Effect of micro-alloyed Ce on the microstructure evolution and mechanical properties of rolled Mg-0.6Al-0.5Mn-0.2Ca alloy sheets

• Published in: Journal of materials research and technology Vol. 19; pp. 3088 - 3099
• Main Authors: Li, Jia-Sheng, Li, Mei-Xuan, Hua, Zhen-Ming, Hu, Zhang-Ting, Wang, Hui-Yuan
• Format: Journal Article
• Language: English
• Published: Elsevier B.V 01.07.2022; Elsevier
• Subjects: Age-hardening response; Heat treatment; Magnesium alloy; Mechanical property; Microstructure evolution; Heat treatment; Mechanical property; Age-hardening response; Microstructure evolution; Magnesium alloy
• ISSN: 2238-7854
• DOI: 10.1016/j.jmrt.2022.06.064

In this study, the effect of minor Ce addition (0, 0.1, and, 0.3 wt.%) on the microstructure evolution and mechanical properties of rolled Mg-0.6Al-0.5Mn-0.2Ca (AMX100) alloy sheets is systematically investigated under different annealing processes.
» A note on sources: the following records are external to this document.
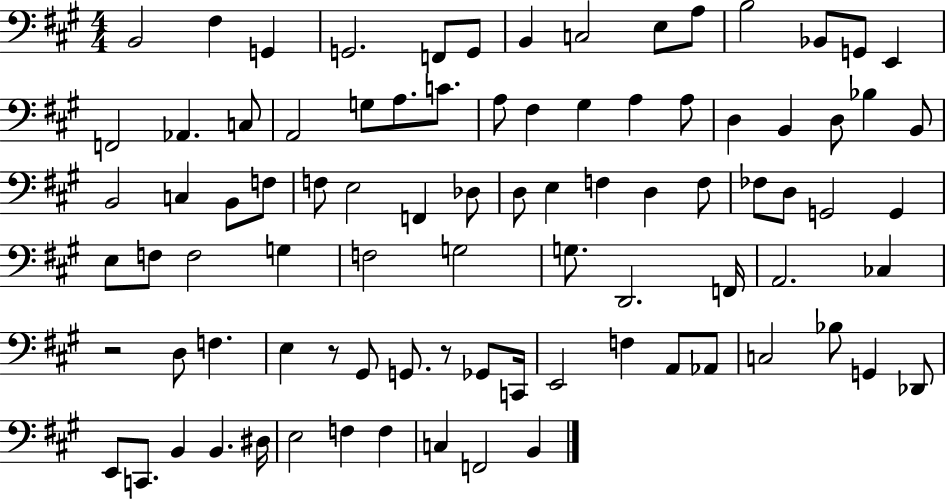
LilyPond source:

{
  \clef bass
  \numericTimeSignature
  \time 4/4
  \key a \major
  b,2 fis4 g,4 | g,2. f,8 g,8 | b,4 c2 e8 a8 | b2 bes,8 g,8 e,4 | \break f,2 aes,4. c8 | a,2 g8 a8. c'8. | a8 fis4 gis4 a4 a8 | d4 b,4 d8 bes4 b,8 | \break b,2 c4 b,8 f8 | f8 e2 f,4 des8 | d8 e4 f4 d4 f8 | fes8 d8 g,2 g,4 | \break e8 f8 f2 g4 | f2 g2 | g8. d,2. f,16 | a,2. ces4 | \break r2 d8 f4. | e4 r8 gis,8 g,8. r8 ges,8 c,16 | e,2 f4 a,8 aes,8 | c2 bes8 g,4 des,8 | \break e,8 c,8. b,4 b,4. dis16 | e2 f4 f4 | c4 f,2 b,4 | \bar "|."
} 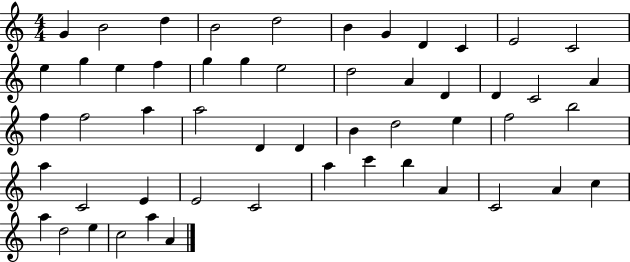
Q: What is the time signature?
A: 4/4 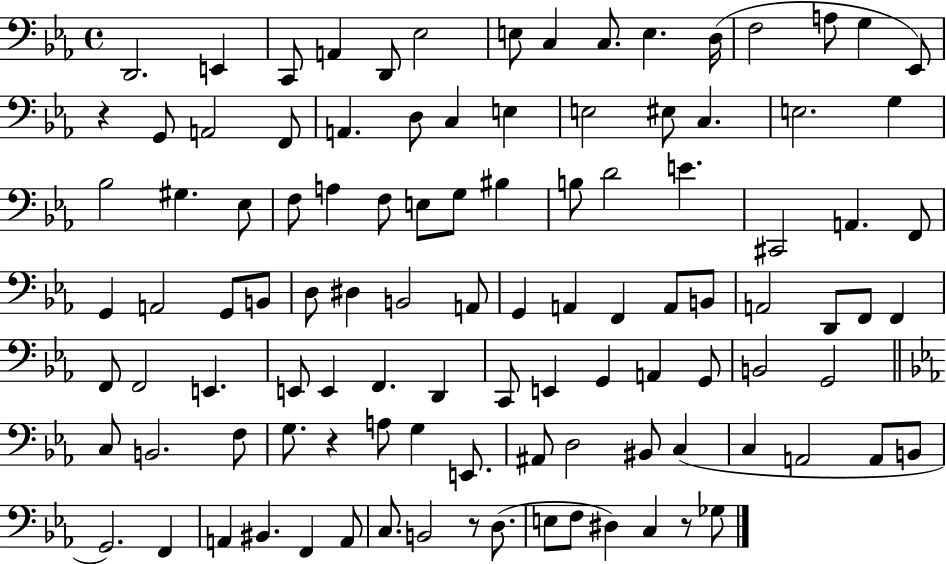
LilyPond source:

{
  \clef bass
  \time 4/4
  \defaultTimeSignature
  \key ees \major
  d,2. e,4 | c,8 a,4 d,8 ees2 | e8 c4 c8. e4. d16( | f2 a8 g4 ees,8) | \break r4 g,8 a,2 f,8 | a,4. d8 c4 e4 | e2 eis8 c4. | e2. g4 | \break bes2 gis4. ees8 | f8 a4 f8 e8 g8 bis4 | b8 d'2 e'4. | cis,2 a,4. f,8 | \break g,4 a,2 g,8 b,8 | d8 dis4 b,2 a,8 | g,4 a,4 f,4 a,8 b,8 | a,2 d,8 f,8 f,4 | \break f,8 f,2 e,4. | e,8 e,4 f,4. d,4 | c,8 e,4 g,4 a,4 g,8 | b,2 g,2 | \break \bar "||" \break \key ees \major c8 b,2. f8 | g8. r4 a8 g4 e,8. | ais,8 d2 bis,8 c4( | c4 a,2 a,8 b,8 | \break g,2.) f,4 | a,4 bis,4. f,4 a,8 | c8. b,2 r8 d8.( | e8 f8 dis4) c4 r8 ges8 | \break \bar "|."
} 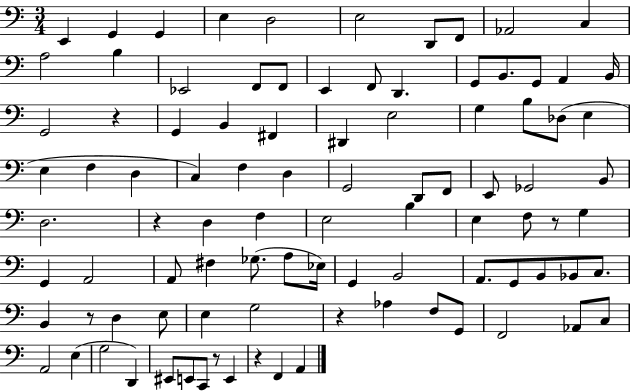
{
  \clef bass
  \numericTimeSignature
  \time 3/4
  \key c \major
  e,4 g,4 g,4 | e4 d2 | e2 d,8 f,8 | aes,2 c4 | \break a2 b4 | ees,2 f,8 f,8 | e,4 f,8 d,4. | g,8 b,8. g,8 a,4 b,16 | \break g,2 r4 | g,4 b,4 fis,4 | dis,4 e2 | g4 b8 des8( e4 | \break e4 f4 d4 | c4) f4 d4 | g,2 d,8 f,8 | e,8 ges,2 b,8 | \break d2. | r4 d4 f4 | e2 b4 | e4 f8 r8 g4 | \break g,4 a,2 | a,8 fis4 ges8.( a8 ees16) | g,4 b,2 | a,8. g,8 b,8 bes,8 c8. | \break b,4 r8 d4 e8 | e4 g2 | r4 aes4 f8 g,8 | f,2 aes,8 c8 | \break a,2 e4( | g2 d,4) | eis,8 e,8 c,8 r8 e,4 | r4 f,4 a,4 | \break \bar "|."
} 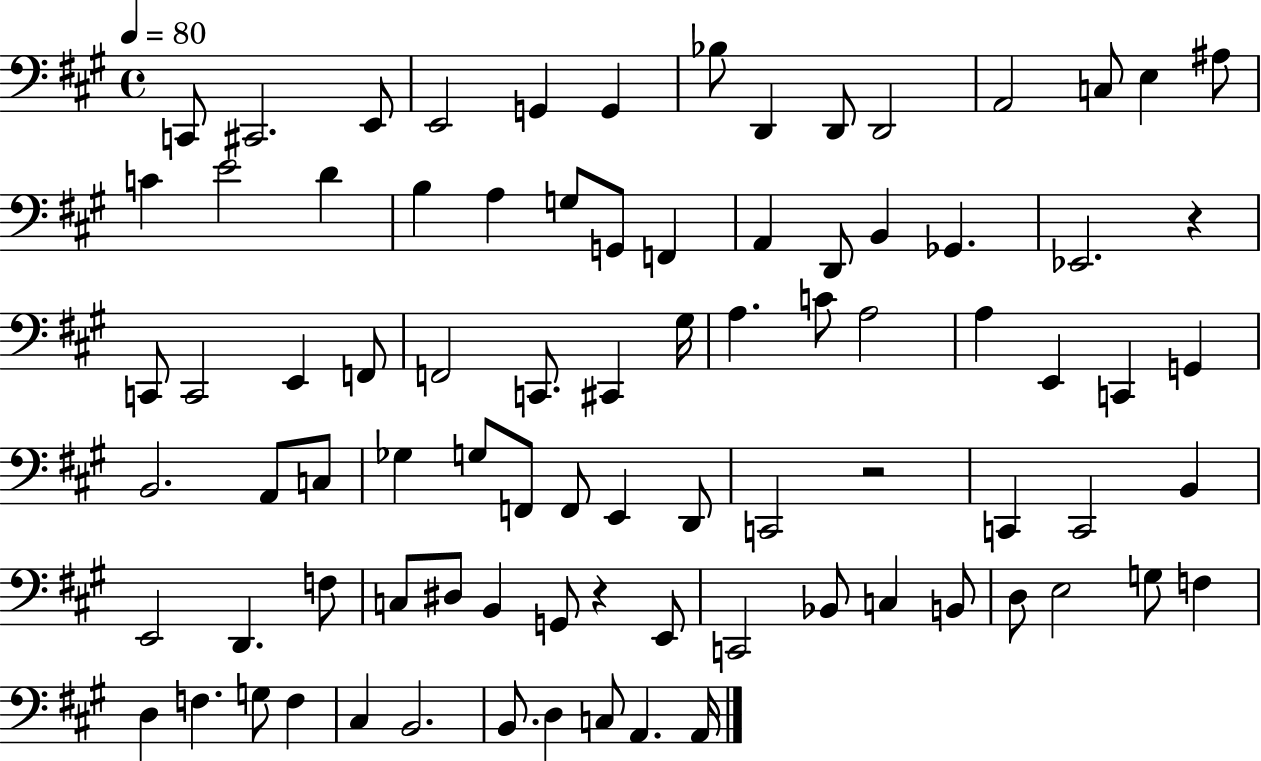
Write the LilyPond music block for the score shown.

{
  \clef bass
  \time 4/4
  \defaultTimeSignature
  \key a \major
  \tempo 4 = 80
  c,8 cis,2. e,8 | e,2 g,4 g,4 | bes8 d,4 d,8 d,2 | a,2 c8 e4 ais8 | \break c'4 e'2 d'4 | b4 a4 g8 g,8 f,4 | a,4 d,8 b,4 ges,4. | ees,2. r4 | \break c,8 c,2 e,4 f,8 | f,2 c,8. cis,4 gis16 | a4. c'8 a2 | a4 e,4 c,4 g,4 | \break b,2. a,8 c8 | ges4 g8 f,8 f,8 e,4 d,8 | c,2 r2 | c,4 c,2 b,4 | \break e,2 d,4. f8 | c8 dis8 b,4 g,8 r4 e,8 | c,2 bes,8 c4 b,8 | d8 e2 g8 f4 | \break d4 f4. g8 f4 | cis4 b,2. | b,8. d4 c8 a,4. a,16 | \bar "|."
}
With 0.1 wt.% Ce addition, partial Al8Mn5 phases turn into Al8Mn4Ce. With 0.3 wt.% Ce addition, the number of the Al8Mn4Ce further increases and the Al-Ce phases are observed. The single-stage annealed alloys exhibit similar uniform fine-grained structures (∼6 μm) regardless of the Ce content, while the grain sizes of the two-stage annealed alloys increase obviously (∼10.9-11.9 μm). Especially, the abnormal grain growth occurs in the two-stage annealed AMX100-0.3Ce alloy. After the aging treatment, the yield strength (YS) of the two-stage annealed alloys is increased by ∼25-45 MPa, which is greatly higher than that of the single-stage annealed alloys (∼1-8 MPa). Note that the two-stage annealed AMX100-0.1Ce alloy displays a significant age-hardening response with the ultimate tensile strength (UTS) of ∼272 MPa and the elongation to failure (EF) of ∼14%, which is attributed to the formation of Al and Ca enriched Guinier-Preston (G.P.) zones. This work sheds light on the design and fabrication of low-cost dilute magnesium alloys with admirable age-hardening ability.